How to complete this task → Your output consists solely of the lines from the one that contains "Motel Royal Cabano Екстер'єр фото" to the end of the material, each reproduced exactly; pictures do not belong in it.
*****
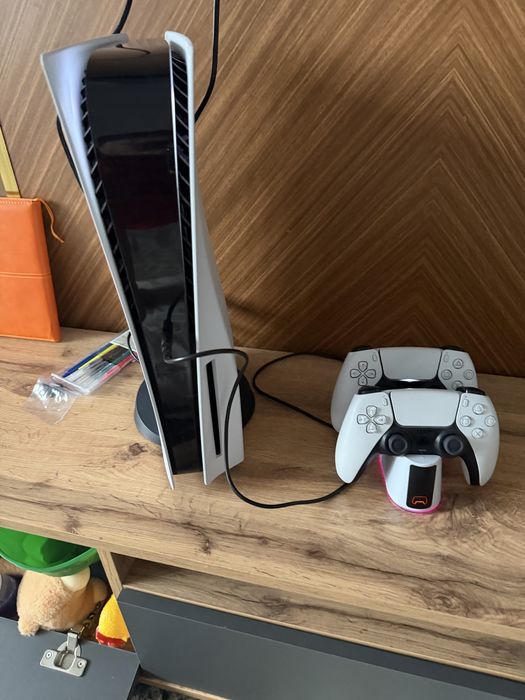 Sony play station 5 с играми два джостика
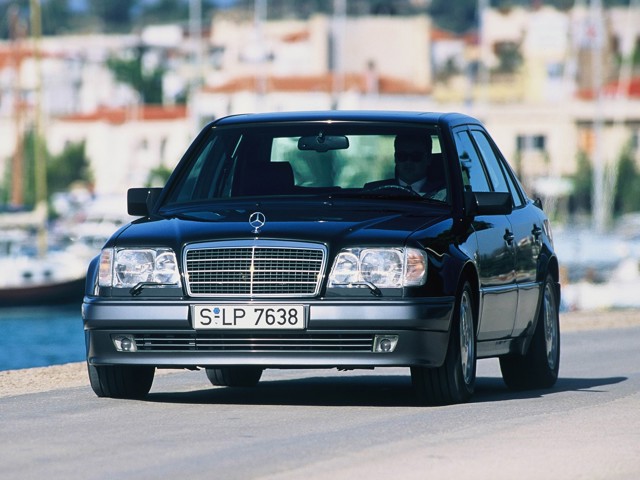 Mercedes Benz E-Klasse And Predecessors photo 14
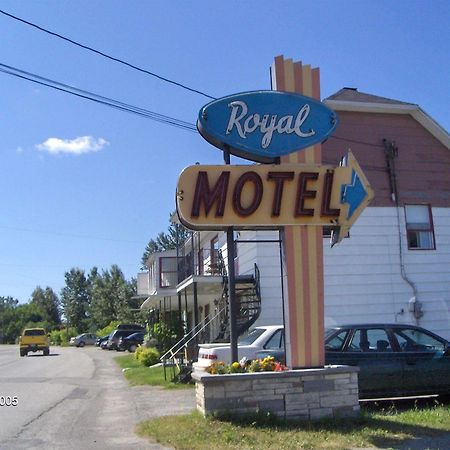 Motel Royal Cabano Екстер'єр фото
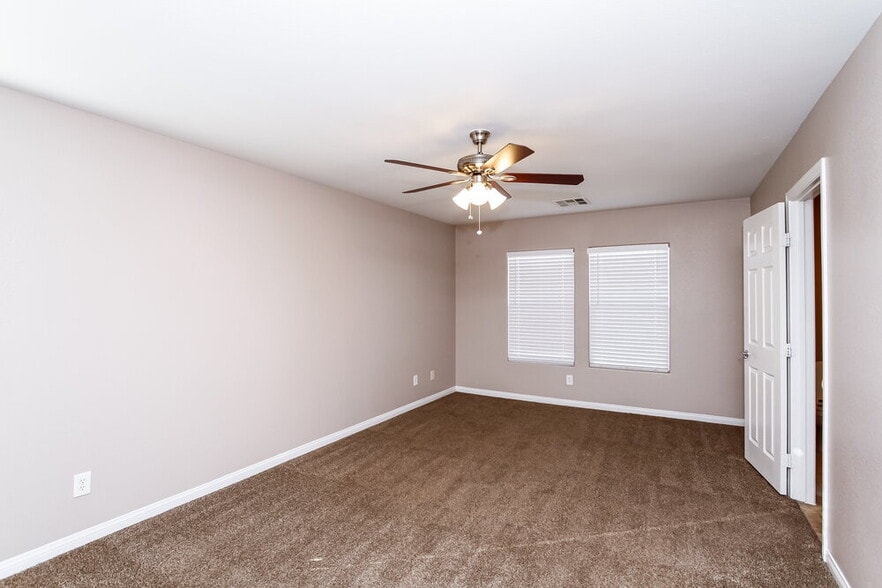 Building Photo - 10293 Burning Bush St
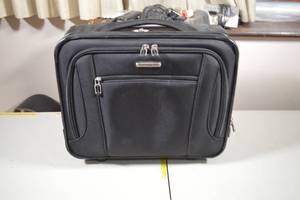 Samsonite Small SuitcaseCarryon, Black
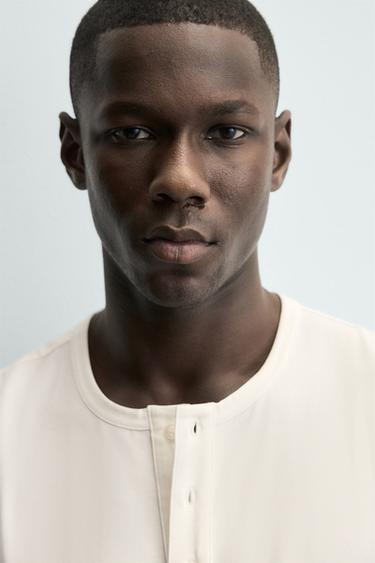 T-SHIRT À COL TUNISIEN - Blanc de Zara - Image 4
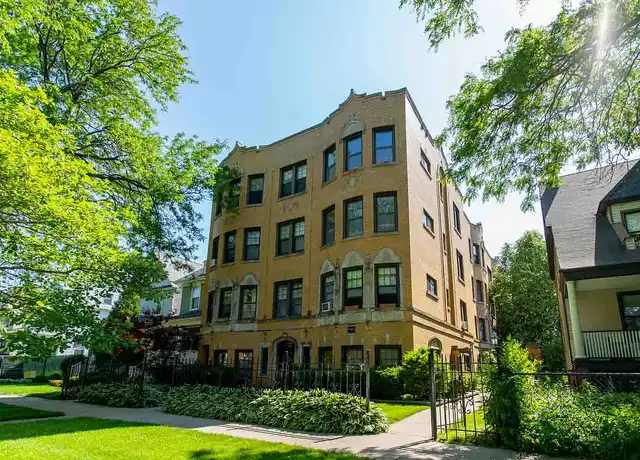 Property at 4325-29 N. Hermitage - 4325 N Hermitage Ave, Chicago, IL, 60613, 0-1 beds, 1 bath, Contact for Price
*****
Answer to this exercise →
 Motel Royal Cabano Екстер'єр фото
 Building Photo - 10293 Burning Bush St
 Samsonite Small SuitcaseCarryon, Black
 T-SHIRT À COL TUNISIEN - Blanc de Zara - Image 4
 Property at 4325-29 N. Hermitage - 4325 N Hermitage Ave, Chicago, IL, 60613, 0-1 beds, 1 bath, Contact for Price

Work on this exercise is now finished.